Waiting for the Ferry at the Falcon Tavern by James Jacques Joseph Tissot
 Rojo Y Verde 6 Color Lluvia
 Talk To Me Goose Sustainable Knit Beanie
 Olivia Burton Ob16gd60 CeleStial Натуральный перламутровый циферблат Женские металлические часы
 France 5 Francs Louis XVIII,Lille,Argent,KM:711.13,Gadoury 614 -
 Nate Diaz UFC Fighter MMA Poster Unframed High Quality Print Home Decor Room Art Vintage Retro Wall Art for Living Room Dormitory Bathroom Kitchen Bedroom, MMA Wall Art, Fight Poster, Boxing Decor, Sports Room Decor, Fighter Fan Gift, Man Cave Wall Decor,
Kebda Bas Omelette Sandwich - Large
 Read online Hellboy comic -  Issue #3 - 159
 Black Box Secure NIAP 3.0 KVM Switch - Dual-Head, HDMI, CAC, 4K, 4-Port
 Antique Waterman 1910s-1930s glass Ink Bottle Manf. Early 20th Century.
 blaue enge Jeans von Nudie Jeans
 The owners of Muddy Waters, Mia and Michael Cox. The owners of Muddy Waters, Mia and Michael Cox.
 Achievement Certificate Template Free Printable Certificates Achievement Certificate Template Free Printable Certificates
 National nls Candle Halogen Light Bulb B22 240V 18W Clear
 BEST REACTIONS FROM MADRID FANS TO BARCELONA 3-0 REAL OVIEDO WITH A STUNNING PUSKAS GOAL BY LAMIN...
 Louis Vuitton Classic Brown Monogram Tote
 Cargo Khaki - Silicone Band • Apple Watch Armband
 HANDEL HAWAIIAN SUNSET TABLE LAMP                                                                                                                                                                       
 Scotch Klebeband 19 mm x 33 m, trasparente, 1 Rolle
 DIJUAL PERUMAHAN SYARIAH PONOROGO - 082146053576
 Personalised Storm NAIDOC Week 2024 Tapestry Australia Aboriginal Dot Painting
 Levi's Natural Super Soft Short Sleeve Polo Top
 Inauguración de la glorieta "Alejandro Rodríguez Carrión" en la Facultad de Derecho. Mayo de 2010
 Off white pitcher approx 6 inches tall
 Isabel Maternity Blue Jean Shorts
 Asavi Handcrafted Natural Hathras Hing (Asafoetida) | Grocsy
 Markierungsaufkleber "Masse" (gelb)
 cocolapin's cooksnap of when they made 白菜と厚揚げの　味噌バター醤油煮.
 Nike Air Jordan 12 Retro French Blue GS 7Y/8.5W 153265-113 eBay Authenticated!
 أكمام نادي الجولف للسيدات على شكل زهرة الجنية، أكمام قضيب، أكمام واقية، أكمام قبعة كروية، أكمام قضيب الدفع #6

# # #

Every record, restated word for word, should make up your reply.

→ **Solution to the exercise**
Waiting for the Ferry at the Falcon Tavern by James Jacques Joseph Tissot
 Rojo Y Verde 6 Color Lluvia
 Talk To Me Goose Sustainable Knit Beanie
 Olivia Burton Ob16gd60 CeleStial Натуральный перламутровый циферблат Женские металлические часы
 France 5 Francs Louis XVIII,Lille,Argent,KM:711.13,Gadoury 614 -
 Nate Diaz UFC Fighter MMA Poster Unframed High Quality Print Home Decor Room Art Vintage Retro Wall Art for Living Room Dormitory Bathroom Kitchen Bedroom, MMA Wall Art, Fight Poster, Boxing Decor, Sports Room Decor, Fighter Fan Gift, Man Cave Wall Decor,
Kebda Bas Omelette Sandwich - Large
 Read online Hellboy comic -  Issue #3 - 159
 Black Box Secure NIAP 3.0 KVM Switch - Dual-Head, HDMI, CAC, 4K, 4-Port
 Antique Waterman 1910s-1930s glass Ink Bottle Manf. Early 20th Century.
 blaue enge Jeans von Nudie Jeans
 The owners of Muddy Waters, Mia and Michael Cox. The owners of Muddy Waters, Mia and Michael Cox.
 Achievement Certificate Template Free Printable Certificates Achievement Certificate Template Free Printable Certificates
 National nls Candle Halogen Light Bulb B22 240V 18W Clear
 BEST REACTIONS FROM MADRID FANS TO BARCELONA 3-0 REAL OVIEDO WITH A STUNNING PUSKAS GOAL BY LAMIN...
 Louis Vuitton Classic Brown Monogram Tote
 Cargo Khaki - Silicone Band • Apple Watch Armband
 HANDEL HAWAIIAN SUNSET TABLE LAMP                                                                                                                                                                       
 Scotch Klebeband 19 mm x 33 m, trasparente, 1 Rolle
 DIJUAL PERUMAHAN SYARIAH PONOROGO - 082146053576
 Personalised Storm NAIDOC Week 2024 Tapestry Australia Aboriginal Dot Painting
 Levi's Natural Super Soft Short Sleeve Polo Top
 Inauguración de la glorieta "Alejandro Rodríguez Carrión" en la Facultad de Derecho. Mayo de 2010
 Off white pitcher approx 6 inches tall
 Isabel Maternity Blue Jean Shorts
 Asavi Handcrafted Natural Hathras Hing (Asafoetida) | Grocsy
 Markierungsaufkleber "Masse" (gelb)
 cocolapin's cooksnap of when they made 白菜と厚揚げの　味噌バター醤油煮.
 Nike Air Jordan 12 Retro French Blue GS 7Y/8.5W 153265-113 eBay Authenticated!
 أكمام نادي الجولف للسيدات على شكل زهرة الجنية، أكمام قضيب، أكمام واقية، أكمام قبعة كروية، أكمام قضيب الدفع #6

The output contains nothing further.